# FAIR PRE-PROCESSING

This notebook implements the following pre-processors:
- Reweighting [(Calders et al. 2009)](https://ieeexplore.ieee.org/abstract/document/5360534)
- Disparate Impact Remover [(Feldman et al. 2015)](https://dl.acm.org/doi/abs/10.1145/2783258.2783311?casa_token=hPPsvh9w2QEAAAAA:RE90pNifv99Y9yCMgE4O1vOquljiAtjVCQQ3UgFDHIgcn2J21J5ry6HCv2iXXTX2Gw9e1VBbS07j)

A further analysis of the processor outputs is performed in `code_02_preprocess2.R` and `code_03_preprocess3.R`.

The notebook loads the data exported in `code_00_partitinoing.ipynb` and applies pre-processors.
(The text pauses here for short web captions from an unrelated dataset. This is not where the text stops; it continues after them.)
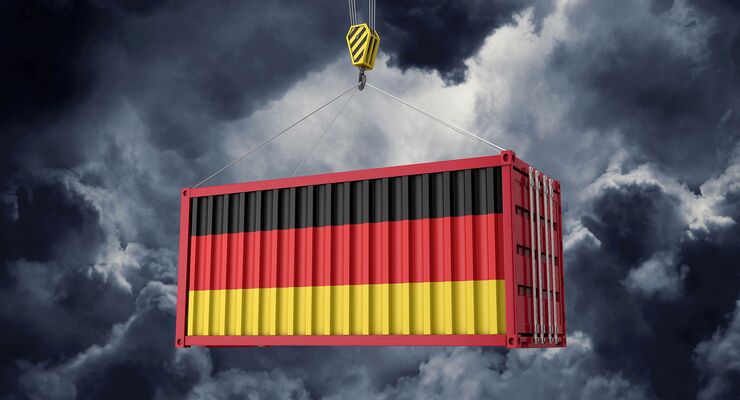 Container mit Deutschlandfahne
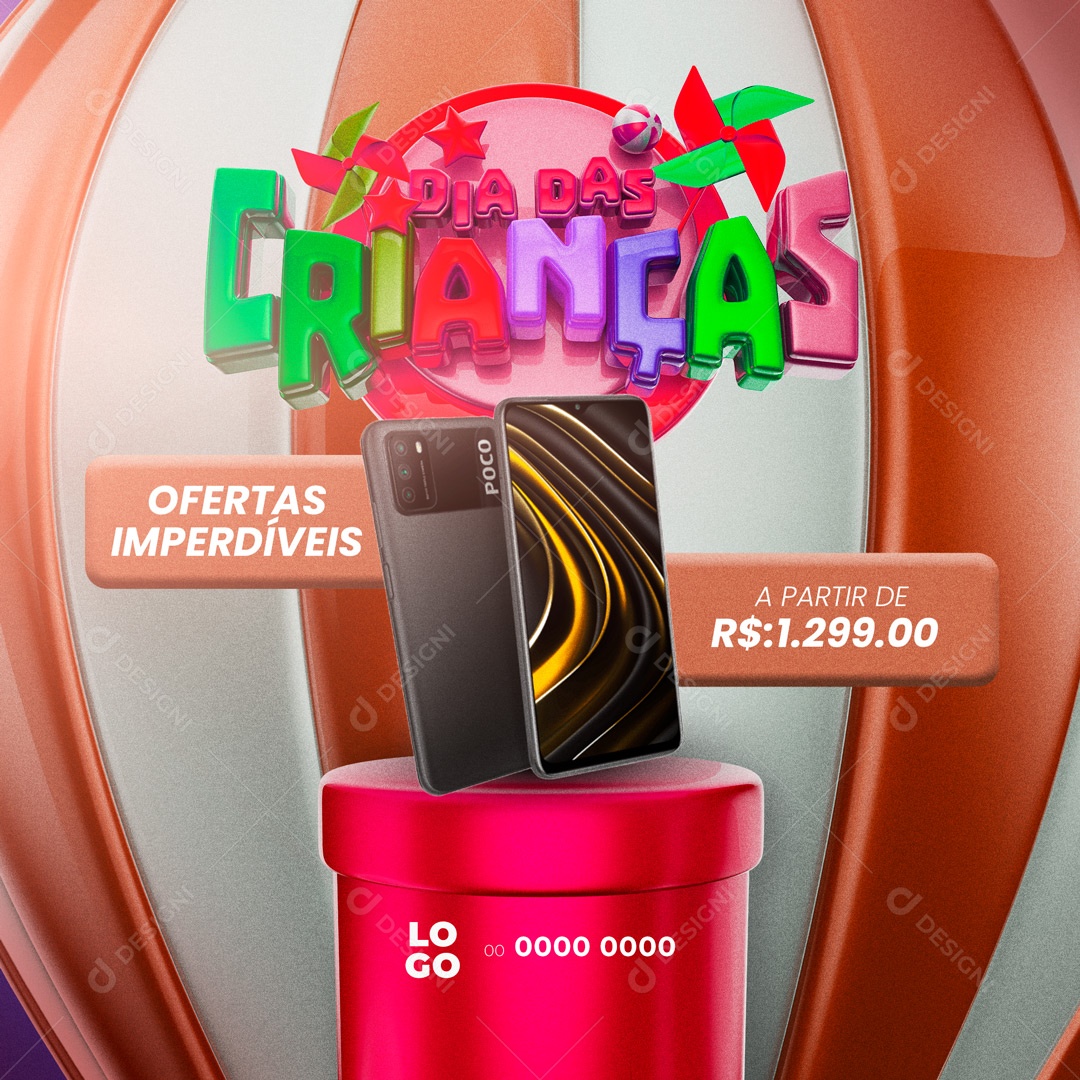 Feliz Dia das Crianças 12 de Outubro Ofertas Imperdíveis Social Media PSD Editável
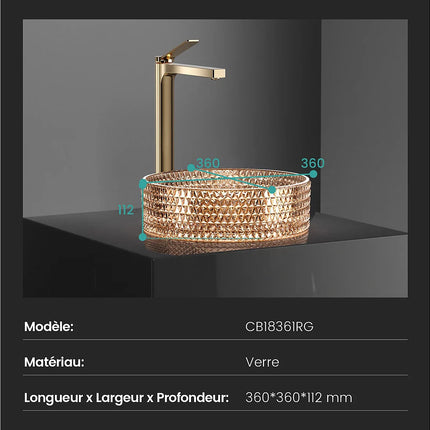 Lavabo à poser design cylindrique en verre trempé transparent - 36 cm - DS CONCEPT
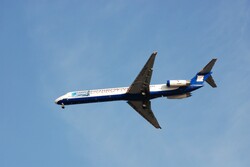 Commercial airplane near Split Airport, Croatia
The transformed training and test data is exported as CSV files.

In [233]:
##### PACKAGES

# working paths
%run code_00_working_paths.py

import pickle
import numpy as np
import time

from aif360.metrics import BinaryLabelDatasetMetric
from aif360.algorithms.preprocessing.reweighing import Reweighing
from aif360.algorithms.preprocessing.lfr import LFR
from aif360.algorithms.preprocessing import DisparateImpactRemover

from sklearn.model_selection import StratifiedKFold
from sklearn.preprocessing import MaxAbsScaler

import matplotlib.pyplot as plt
import os

import sys
sys.path.append(func_path)

from load_data import load_dataset

## 1. Parameters and preparations

In [234]:
##### PARAMETERS

# specify data set
# one of ['data1', 'data2', ..., 'data50']
data = 'datacorr5'

# partitioning
num_folds = 10
seed      = 1

In [235]:
##### PRE-PROCESSOR PARAMS

all_lambda = [0.5,0.6,0.7,0.8,0.9,1.0]

## 2. Data import

In [236]:
##### RANDOM SEED

np.random.seed(seed)

In [237]:
##### LOAD PARTITIONING

# Assuming data is in the format 'dataN' where N is the dataset number
dataset_number = data[4:]

# Create the directory path (assuming directories data1, data2, ..., data50 already exist)
input_dir = os.path.join(data_path, 'prepared')
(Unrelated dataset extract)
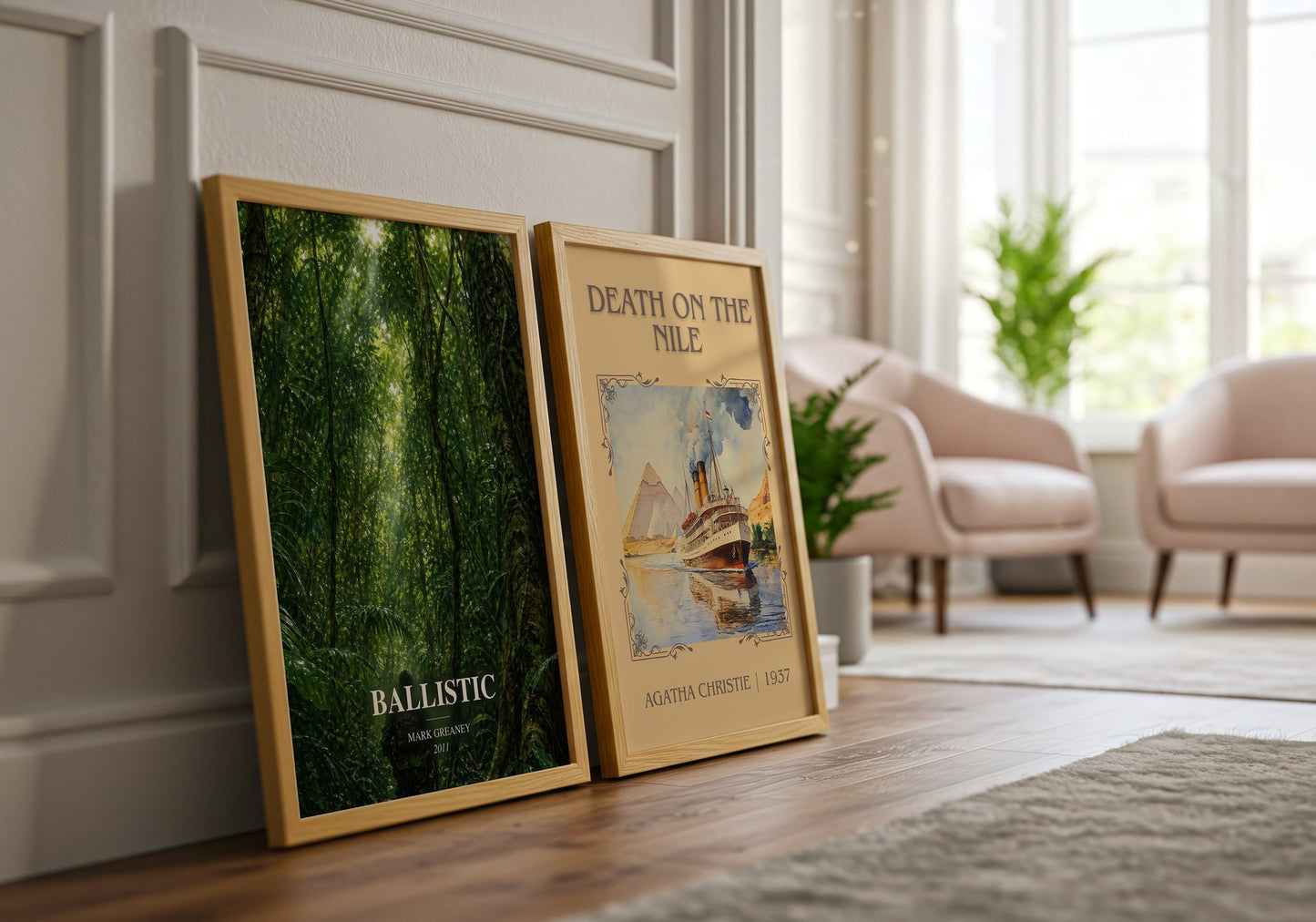 Ballistic watercolour print framed by window – literary home decor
# Construct the full file path
file_path = os.path.join(input_dir, data + '_orig_test.pkl')

# Load the dataset
with open(file_path, 'rb') as file:
    dataset_orig_test = pickle.load(file)
    
# Convert to dataframe and print the shape
te = dataset_orig_test.convert_to_dataframe()[0]
print(te.shape)


(240, 6)


In [238]:
##### DATA PREP

# protected attribute
protected           = 'race'
privileged_groups   = [{'race': 1}] 
unprivileged_groups = [{'race': 0}]

## 3. Fair processing

In [239]:
##### MODELING

# timer
cv_start = time.time()

# Assuming data is in the format 'dataN' where N is the dataset number
dataset_number = data[4:]

# Create the directory path (assuming directories data1, data2, ..., data50 already exist)/
input_dir = os.path.join(data_path, 'prepared')
output_dir = os.path.join(res_path, 'preprocess1')

# list of processors
methods = ['RW', 'DI']

# processing loop
for m in methods:
    
    # feedback
    print('-'*30)
    print('- METHOD: ' + m + '...')
    print('-'*30)

    # loop through fold combinations
    for fold in range(num_folds):
    
        ##### LOAD DATA
        # import data subsets
        train_path = os.path.join(input_dir, data + '_scaled_' + str(fold) + '_train.pkl')
        valid_path = os.path.join(input_dir, data + '_scaled_' + str(fold) + '_valid.pkl')
        test_path = os.path.join(input_dir, data + '_scaled_' + str(fold) + '_test.pkl')
        
        # Load the dataset
        with open(train_path, 'rb') as file:
            data_train = pickle.load(file)
        with open(valid_path, 'rb') as file:
            data_valid = pickle.load(file)
        with open(test_path, 'rb') as file:
            data_test = pickle.load(file)
            
            
        ##### MODELING
    
        # reweighing
        if m == 'RW':
            
            # fit pre-processor
            RW = Reweighing(unprivileged_groups = unprivileged_groups,
                            privileged_groups   = privileged_groups)
            RW.fit(data_train)

            # train processing
            dataset_transf_train = RW.transform(data_train)
            w_train   = dataset_transf_train.instance_weights.ravel()
            out_train = dataset_transf_train.convert_to_dataframe()[0]
            out_train = out_train.sample(n = out_train.shape[0], replace = True, weights = w_train)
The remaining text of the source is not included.